((
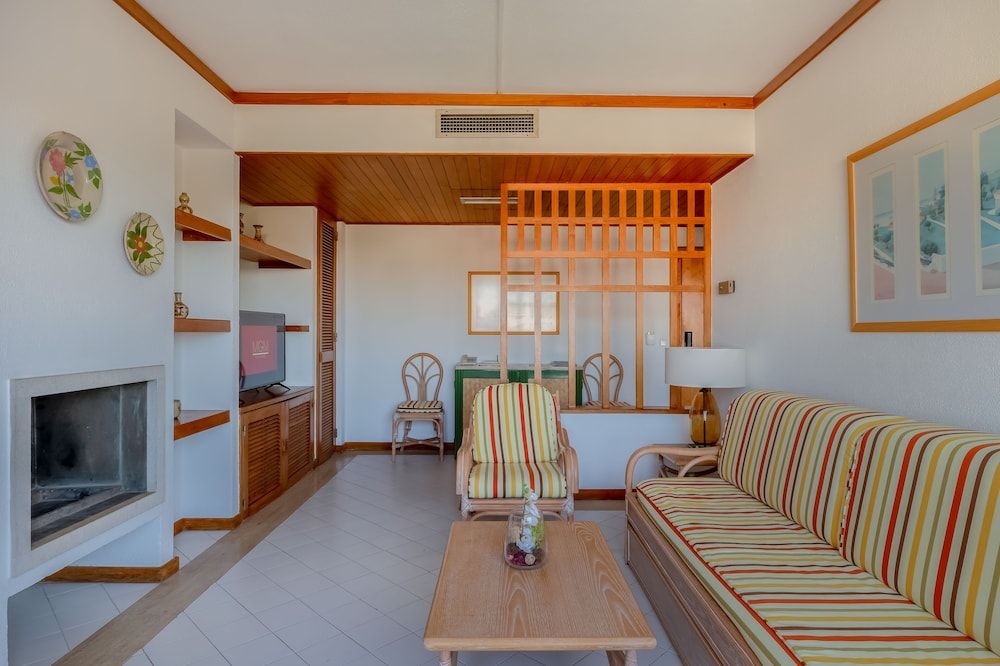 Muthu Oura Praia Hotel Superior Apartment, 1 Bedroom (2+1)
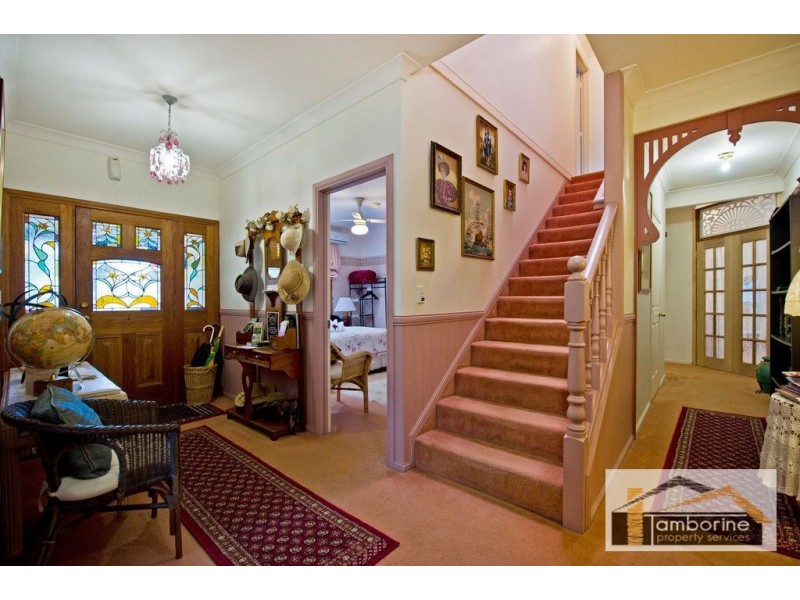 8 Wongawallan Road, Tamborine Mountain QLD 4272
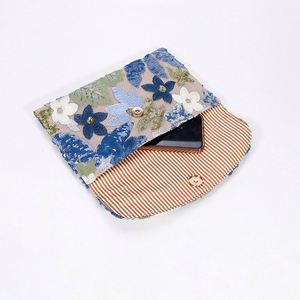 Women's Handmade Woven Straw Shoulder Clutch <b>Bag</b> for Summer 2025 Shining Glitter <b>Sequined</b> Floral Embroidered Open for Beach - Product Image 3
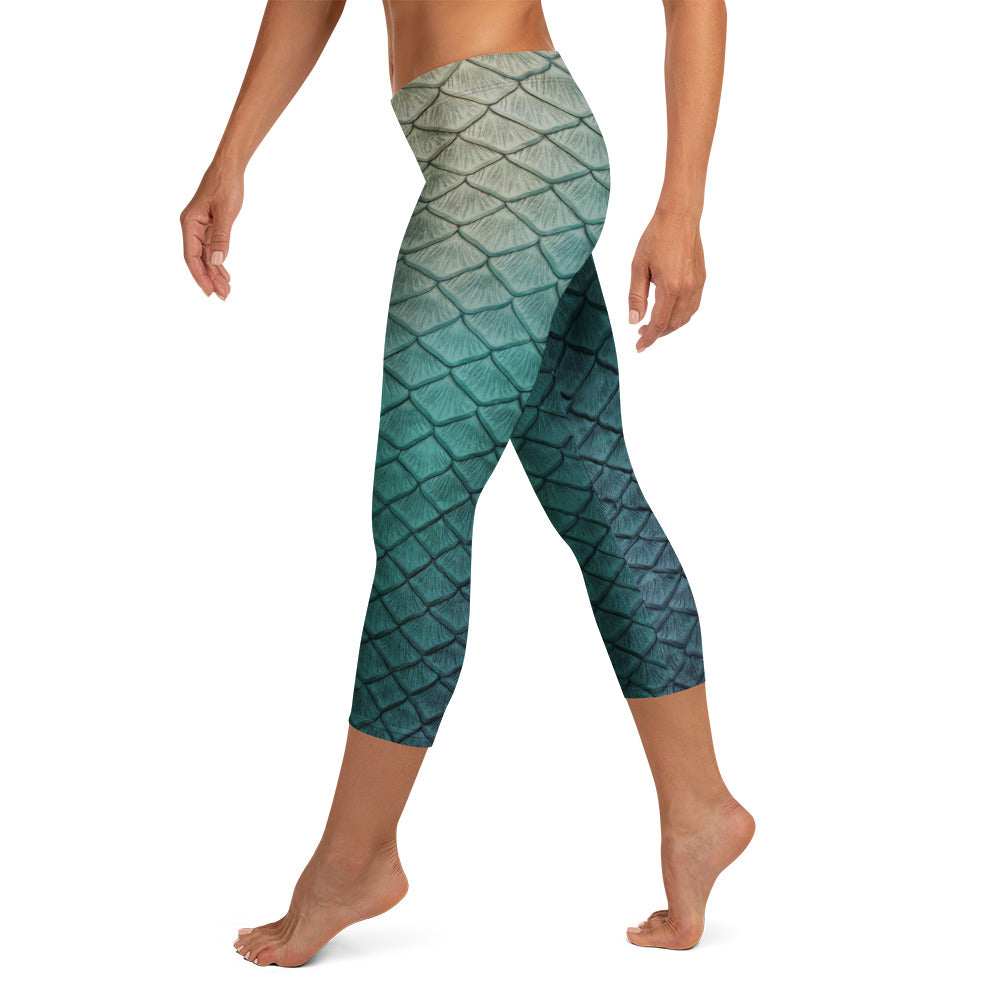 Shipwreck Siren Capri Leggings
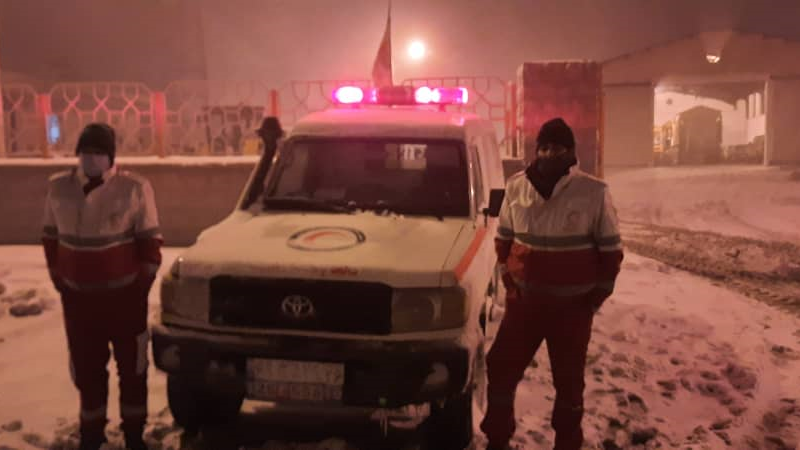 امدادرسانی به بیش از 80 نفر در برف و کولاک خراسان شمالی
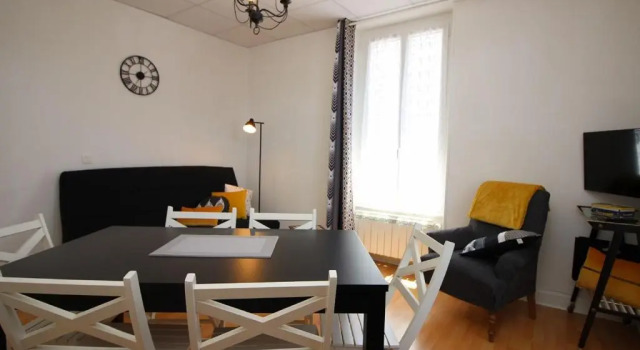 Appartement La Bourboule, 4 pièces, 6 personnes - FR-1-608-11
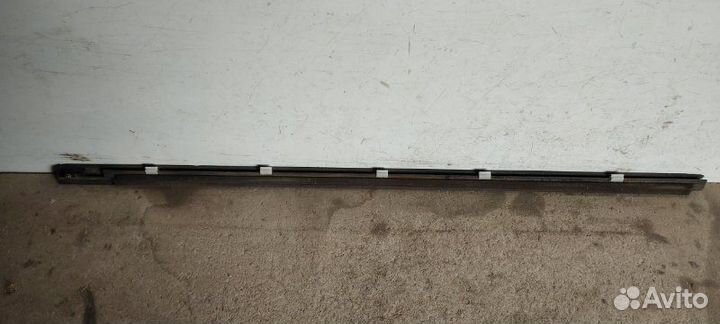 Молдинг стекла передний правый Ssang Yong Kyron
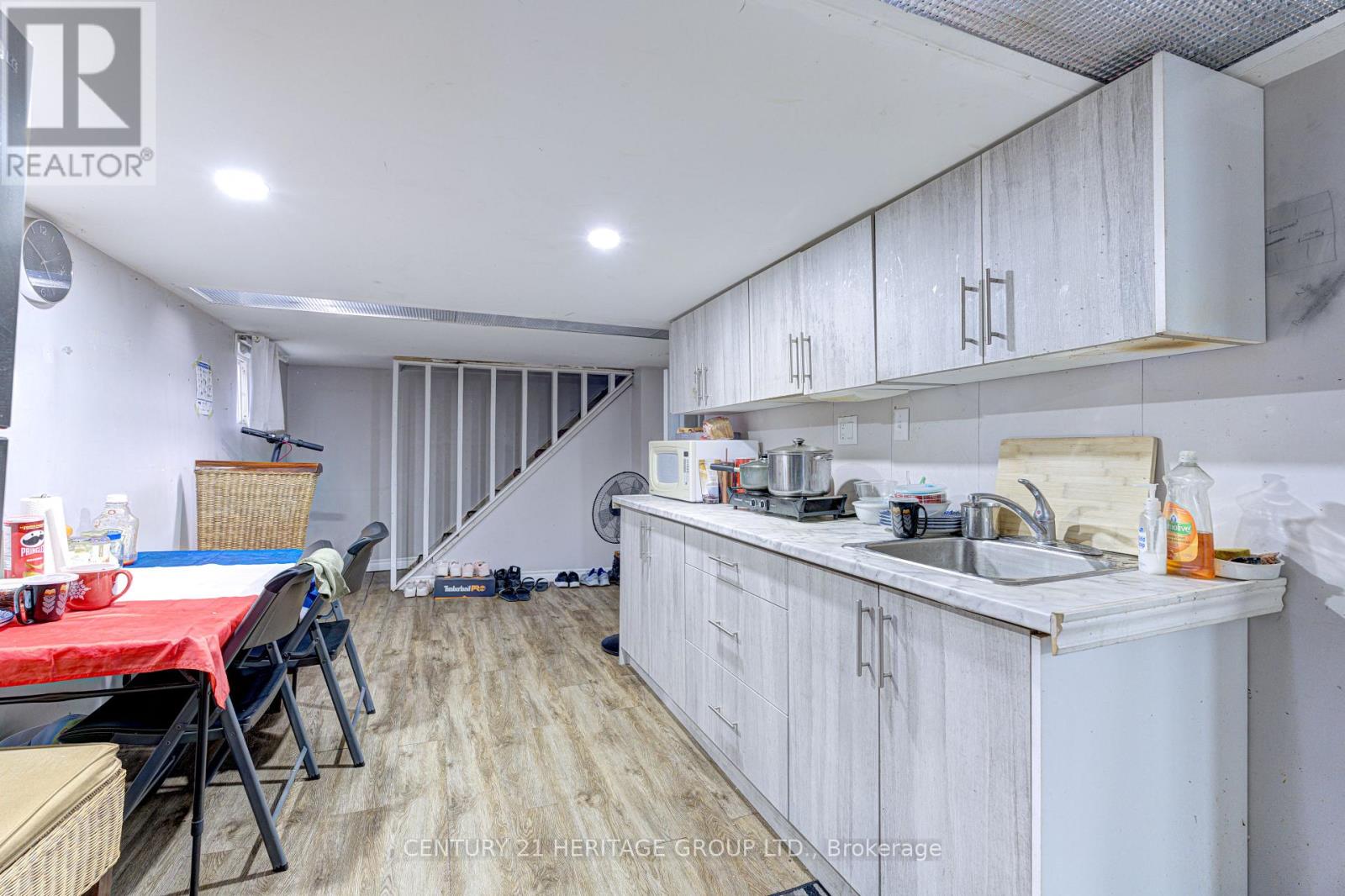 13 Cameron Avenue N, Hamilton, Ontario  L8H 4Y9 - Photo 16 - X12430000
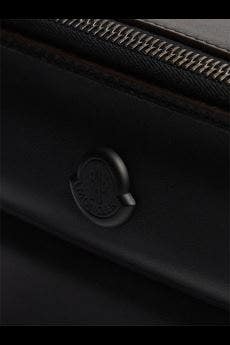 Oluxury Moncler Horizontal crossbody bag Offerta Giorno del Papà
))
_Exercise brief:_
Pictures aside, reproduce exactly the lines from the one containing "Shipwreck Siren Capri Leggings" to the end of the listing above, both ends included.

_Response to this exercise:_
 Shipwreck Siren Capri Leggings
 امدادرسانی به بیش از 80 نفر در برف و کولاک خراسان شمالی
 Appartement La Bourboule, 4 pièces, 6 personnes - FR-1-608-11
 Молдинг стекла передний правый Ssang Yong Kyron
 13 Cameron Avenue N, Hamilton, Ontario  L8H 4Y9 - Photo 16 - X12430000
 Oluxury Moncler Horizontal crossbody bag Offerta Giorno del Papà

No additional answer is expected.